→ **Exercise objective**: Pictures aside, each entry has to be returned exactly as it stands.

→ **Given data**:
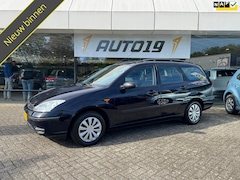 Ford Focus Wagon - 1.6-16V Ambiente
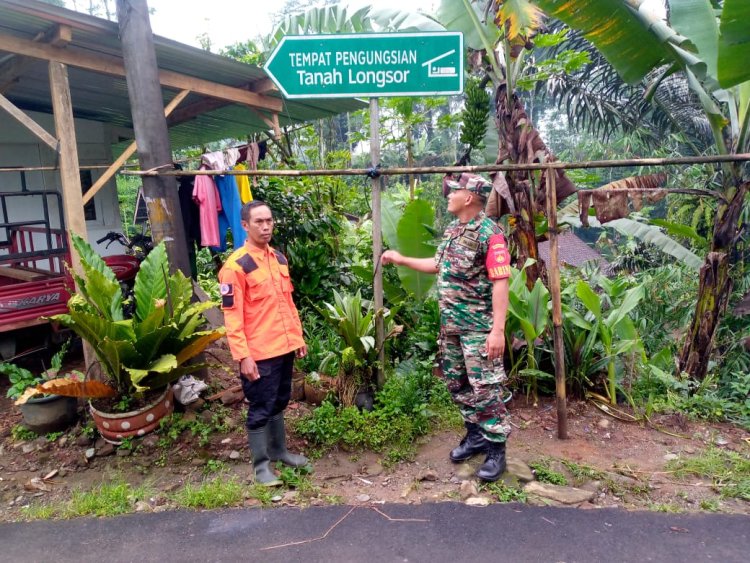 Wujud Kepedulian Babinsa Bersama Relawan Cek Rambu Bencana
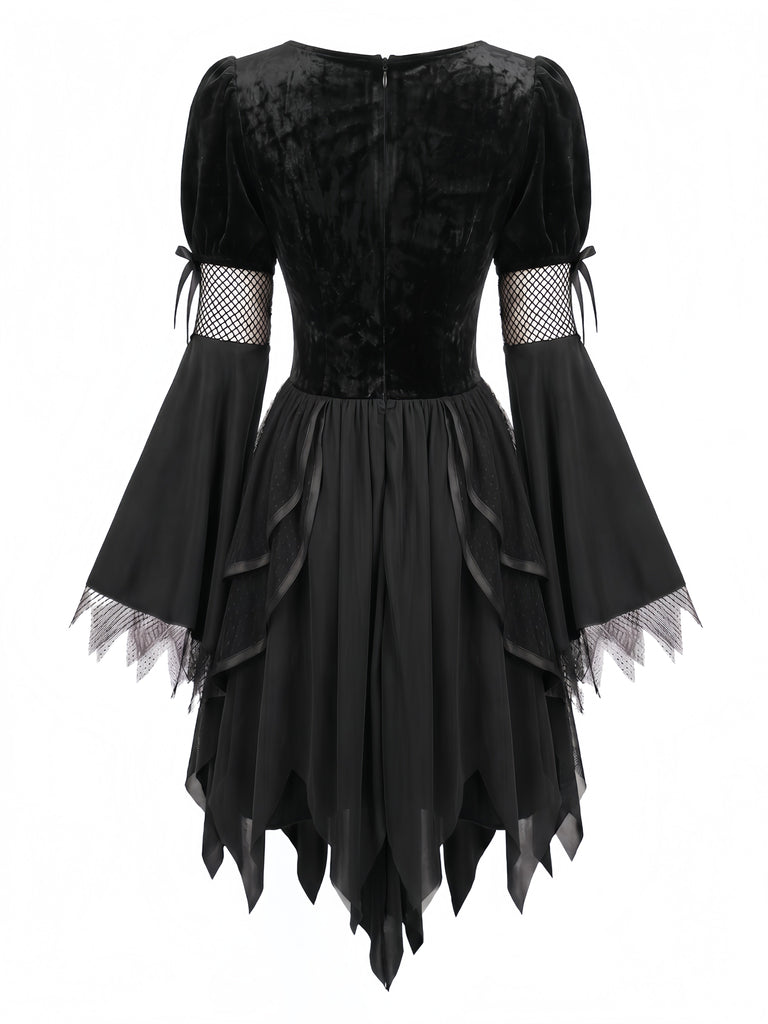 Schwarzes 50er Hexenkleid mit Federbesatz und ausgestellten Ärmeln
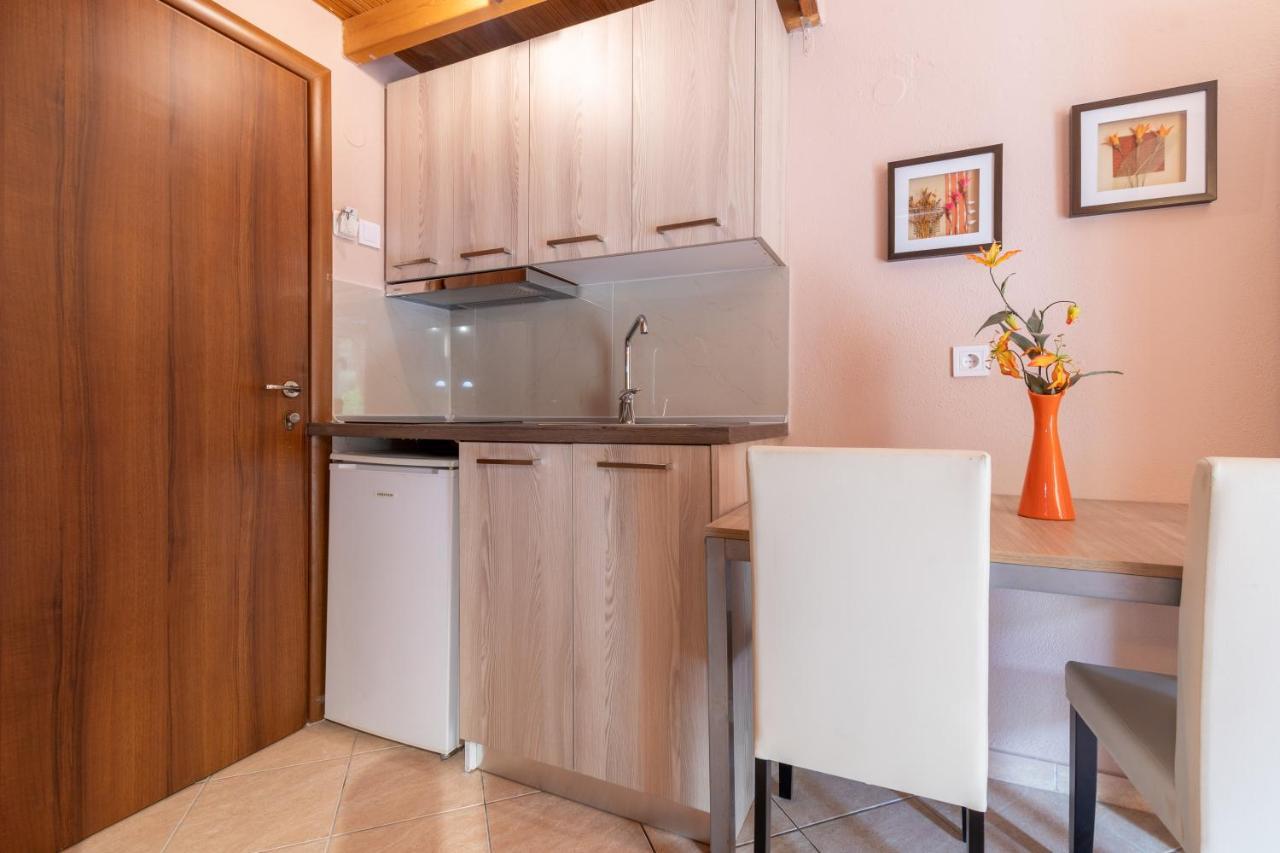 Studios Diogenis Porto Koufo Buitenkant foto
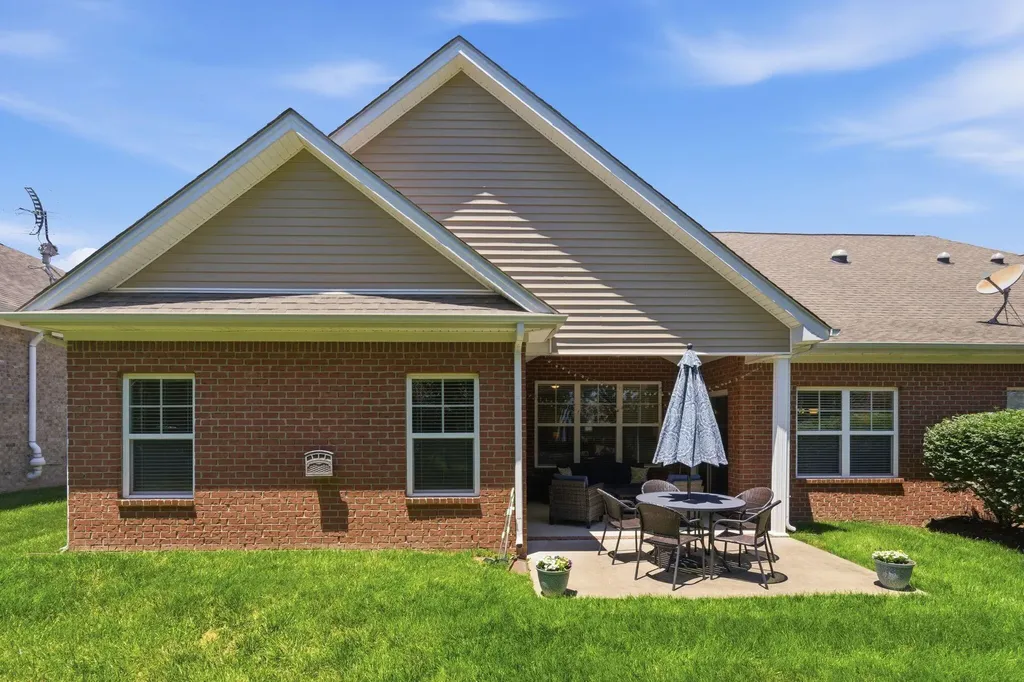 157 Riviera Drive Georgetown KY 40324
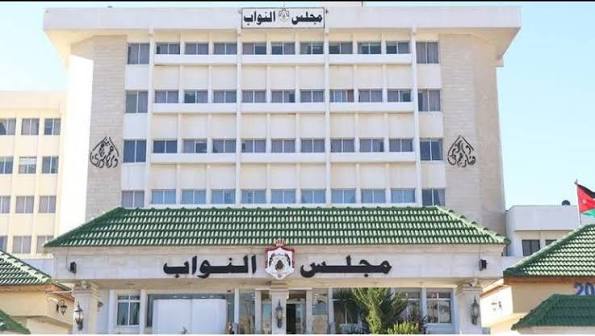 نواب: القبض على منفذي العملية الإرهابية رسالة أن أمن الأردن لا مساس به hjkg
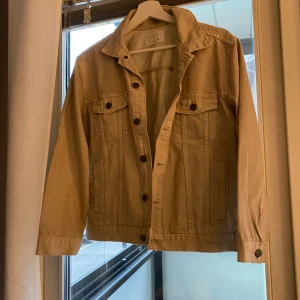 Jeans jacka - Jeans jacka från Zara. Lite otydlig i färgen på första bilden men den är beige. Nypris 600 Mitt pris 200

→ **Your response**:
 Ford Focus Wagon - 1.6-16V Ambiente
 Wujud Kepedulian Babinsa Bersama Relawan Cek Rambu Bencana
 Schwarzes 50er Hexenkleid mit Federbesatz und ausgestellten Ärmeln
 Studios Diogenis Porto Koufo Buitenkant foto
 157 Riviera Drive Georgetown KY 40324
 نواب: القبض على منفذي العملية الإرهابية رسالة أن أمن الأردن لا مساس به hjkg
 Jeans jacka - Jeans jacka från Zara. Lite otydlig i färgen på första bilden men den är beige. Nypris 600 Mitt pris 200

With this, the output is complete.